Kierkegaard parece disculparse
y el sueño se disculpa.
Pero el sistema entrópico, autosuficiente, de este lenguaje-universo preestablecido no es al parecer infalible, y la clave se encuentra en los primeros versos de La risa de Dios: “Nuestras palabras / nos impiden hablar. / Parecía imposible. / Nuestras propias palabras”. Una pequeña fisura nos permite salirnos de él, mirarlo desde fuera, comprender que ningún código abarca todo lo pensable —aunque restrinja lo decible— y por lo tanto sí se puede afirmar con propiedad, recurriendo a un desesperado circunloquio, que hay cosas que no podemos decir. Incluso lo impensable sería pensable por descarte pues, como dice un filósofo del realismo especulativo, “No puedo pensar lo impensable, pero puedo pensar que no es imposible que lo impensable sea”. No es verdad entonces que “Los límites de mi lenguaje, representan los límites de mi mundo”, como querría Wittgenstein. Las lenguas no son sistemas cerrados referidos a sí mismos, y tienden a cambiar cuando ocurren —o decidimos hacer— ciertas cosas distintas en el mundo.
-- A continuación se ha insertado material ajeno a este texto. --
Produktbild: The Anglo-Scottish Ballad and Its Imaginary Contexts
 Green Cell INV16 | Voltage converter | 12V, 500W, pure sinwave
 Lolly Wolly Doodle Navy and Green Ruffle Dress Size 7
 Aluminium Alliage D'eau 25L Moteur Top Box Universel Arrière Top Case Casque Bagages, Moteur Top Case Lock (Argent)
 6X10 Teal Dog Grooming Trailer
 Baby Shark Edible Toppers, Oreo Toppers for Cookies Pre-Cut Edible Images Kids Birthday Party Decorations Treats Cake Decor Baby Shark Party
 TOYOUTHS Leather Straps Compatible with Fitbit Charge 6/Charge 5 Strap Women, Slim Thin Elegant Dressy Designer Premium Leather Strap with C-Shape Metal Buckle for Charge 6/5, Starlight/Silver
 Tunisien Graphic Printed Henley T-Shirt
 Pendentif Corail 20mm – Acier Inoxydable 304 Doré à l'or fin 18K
Sí: podemos elaborar nuevos lenguajes mezclando los preexistentes para pensar y hablar lo que al momento parece impensable y por eso indecible. Esto al menos nos estaría diciendo incansablemente el arte combinatoria de Pedro Casariego Córdoba. La conciencia del límite, expropiada por el lenguaje cotidiano y devuelta por la poesía como experiencia, es el primer paso para intentarlo. Mi impotencia lingüística me hace ver indirectamente la perversidad del poder homogeneizante, o como dicen los últimos versos del tercer libro de los Poemas encadenados: “Mi angustia / es el eco / de la risa de Dios”. Habría que cultivar esa angustia hasta sus últimas consecuencias, quizá terminemos tapándole la boca a Él, aunque parezca imposible.